### How to complete this task
Working from the line that contains "Rice Bowl, Ash Glaze" down to the last line below, repeat each line exactly.

[Dataset records]
--- START ---
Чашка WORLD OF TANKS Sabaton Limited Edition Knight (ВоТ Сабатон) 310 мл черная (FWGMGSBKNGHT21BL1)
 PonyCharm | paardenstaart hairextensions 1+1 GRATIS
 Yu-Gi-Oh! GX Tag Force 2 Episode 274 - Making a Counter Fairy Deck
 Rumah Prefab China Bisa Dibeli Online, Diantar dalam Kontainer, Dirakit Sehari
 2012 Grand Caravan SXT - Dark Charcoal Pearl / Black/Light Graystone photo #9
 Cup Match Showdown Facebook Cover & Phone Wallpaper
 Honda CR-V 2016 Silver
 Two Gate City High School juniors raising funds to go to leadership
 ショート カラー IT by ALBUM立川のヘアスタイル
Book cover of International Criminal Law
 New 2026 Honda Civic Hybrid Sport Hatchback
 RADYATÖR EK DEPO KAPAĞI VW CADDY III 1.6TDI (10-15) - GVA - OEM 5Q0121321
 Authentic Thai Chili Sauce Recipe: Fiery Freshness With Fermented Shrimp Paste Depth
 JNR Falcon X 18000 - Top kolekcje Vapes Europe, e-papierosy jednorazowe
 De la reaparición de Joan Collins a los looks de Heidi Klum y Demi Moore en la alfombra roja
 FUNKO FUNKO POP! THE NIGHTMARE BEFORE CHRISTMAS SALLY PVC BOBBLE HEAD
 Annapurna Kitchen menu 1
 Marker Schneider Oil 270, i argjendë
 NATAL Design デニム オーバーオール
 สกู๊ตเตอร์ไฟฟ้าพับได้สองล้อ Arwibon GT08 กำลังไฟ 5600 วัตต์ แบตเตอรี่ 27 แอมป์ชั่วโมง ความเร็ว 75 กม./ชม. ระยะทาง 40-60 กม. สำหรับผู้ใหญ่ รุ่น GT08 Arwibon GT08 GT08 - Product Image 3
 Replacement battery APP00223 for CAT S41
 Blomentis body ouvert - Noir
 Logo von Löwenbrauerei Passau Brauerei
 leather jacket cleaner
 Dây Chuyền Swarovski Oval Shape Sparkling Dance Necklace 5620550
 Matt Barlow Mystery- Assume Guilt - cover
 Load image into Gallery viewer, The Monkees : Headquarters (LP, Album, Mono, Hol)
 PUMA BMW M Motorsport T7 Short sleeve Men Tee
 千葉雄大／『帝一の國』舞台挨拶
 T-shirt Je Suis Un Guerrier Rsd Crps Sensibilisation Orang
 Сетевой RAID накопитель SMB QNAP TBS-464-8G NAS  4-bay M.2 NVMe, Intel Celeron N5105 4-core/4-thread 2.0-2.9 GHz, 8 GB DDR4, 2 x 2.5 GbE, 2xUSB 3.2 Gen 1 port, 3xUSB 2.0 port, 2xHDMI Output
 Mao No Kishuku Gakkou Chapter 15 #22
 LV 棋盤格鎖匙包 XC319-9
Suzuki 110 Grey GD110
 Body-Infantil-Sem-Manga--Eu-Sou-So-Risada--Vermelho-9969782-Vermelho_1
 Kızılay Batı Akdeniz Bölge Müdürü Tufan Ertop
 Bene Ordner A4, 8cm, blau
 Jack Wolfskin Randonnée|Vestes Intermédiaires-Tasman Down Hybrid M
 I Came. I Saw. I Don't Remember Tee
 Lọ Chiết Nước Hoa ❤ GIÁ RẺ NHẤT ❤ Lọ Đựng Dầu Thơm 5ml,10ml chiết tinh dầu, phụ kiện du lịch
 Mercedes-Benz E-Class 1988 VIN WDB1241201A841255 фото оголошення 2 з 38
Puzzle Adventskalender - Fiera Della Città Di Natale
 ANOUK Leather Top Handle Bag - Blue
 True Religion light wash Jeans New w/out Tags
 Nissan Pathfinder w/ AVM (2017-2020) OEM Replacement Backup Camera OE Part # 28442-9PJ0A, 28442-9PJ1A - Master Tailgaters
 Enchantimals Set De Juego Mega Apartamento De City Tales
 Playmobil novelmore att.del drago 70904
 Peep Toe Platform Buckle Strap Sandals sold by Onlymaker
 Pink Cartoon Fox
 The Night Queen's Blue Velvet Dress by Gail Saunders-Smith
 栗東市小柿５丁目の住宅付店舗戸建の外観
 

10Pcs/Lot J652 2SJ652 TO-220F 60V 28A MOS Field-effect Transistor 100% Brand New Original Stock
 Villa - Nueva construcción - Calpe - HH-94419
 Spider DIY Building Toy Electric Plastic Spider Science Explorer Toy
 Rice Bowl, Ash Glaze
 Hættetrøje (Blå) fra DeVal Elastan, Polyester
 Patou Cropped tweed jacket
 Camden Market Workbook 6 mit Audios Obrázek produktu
--- END ---
### Exercise response
 Rice Bowl, Ash Glaze
 Hættetrøje (Blå) fra DeVal Elastan, Polyester
 Patou Cropped tweed jacket
 Camden Market Workbook 6 mit Audios Obrázek produktu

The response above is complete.